Segment Start: DATA BELOW

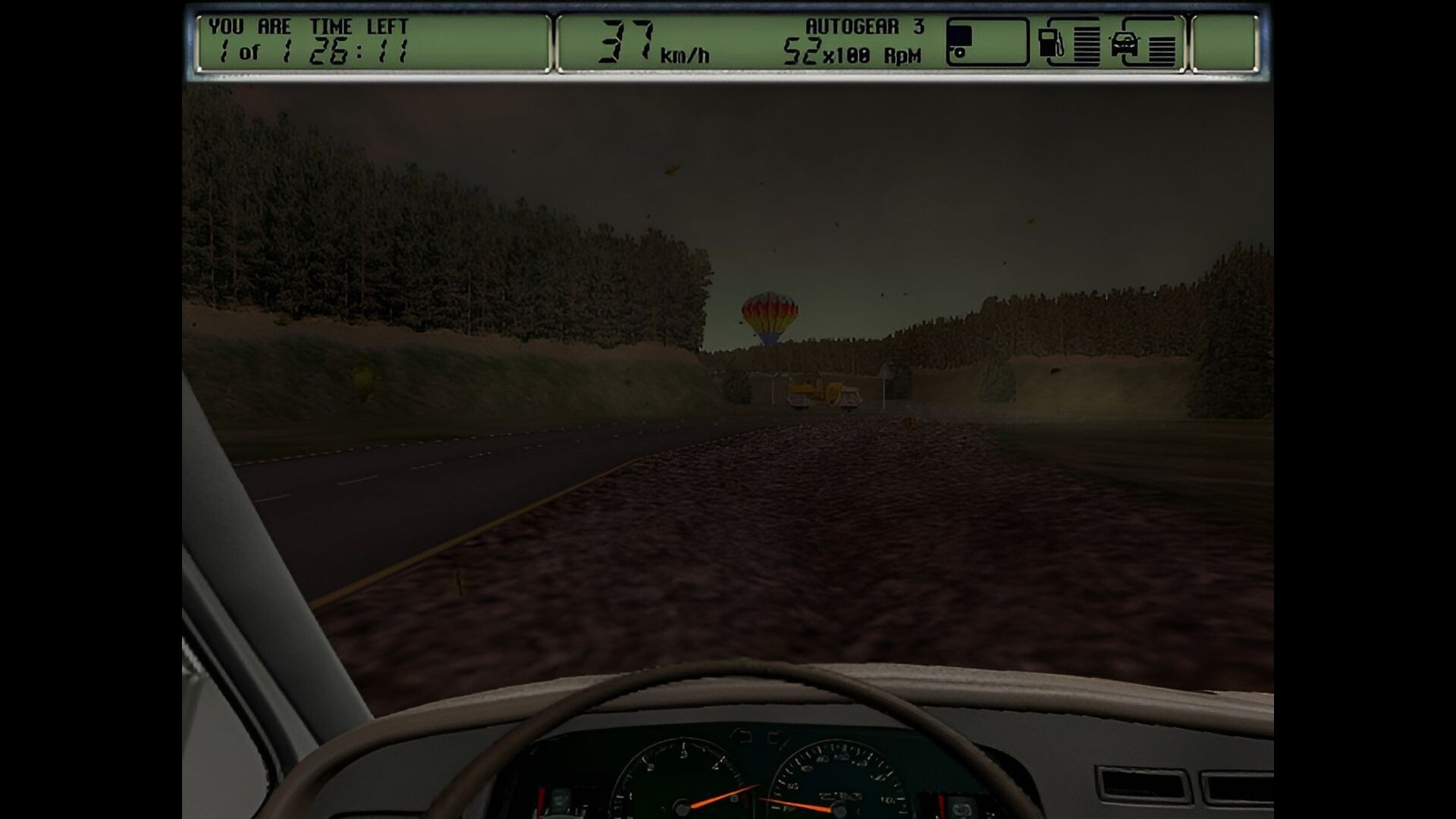 https://img.e-store.pro/products/screenshots/hard_truck_2_king_of_the_road_screenshot5.webp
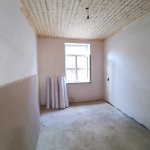 Satılır 4 otaqlı Həyət evi/villa Xırdalan 7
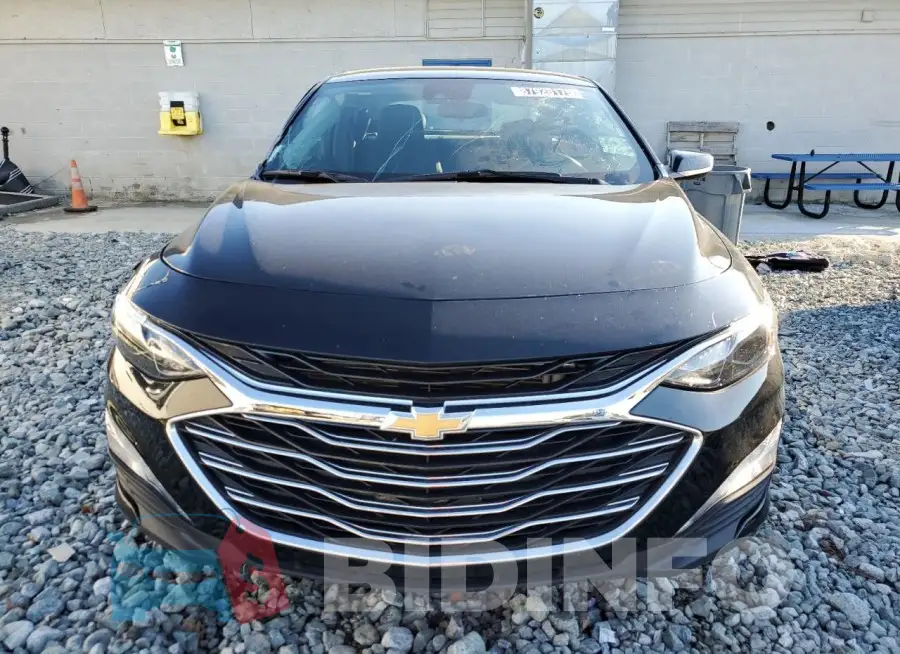 1G1ZD5ST1RF171214 Photo# 5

Segment End: DATA BELOW

WORK ORDER ▸ Word-for-word output of the material above is needed, with the pictures left out.

SOLVED EXERCISE ▸
 https://img.e-store.pro/products/screenshots/hard_truck_2_king_of_the_road_screenshot5.webp
 Satılır 4 otaqlı Həyət evi/villa Xırdalan 7
 1G1ZD5ST1RF171214 Photo# 5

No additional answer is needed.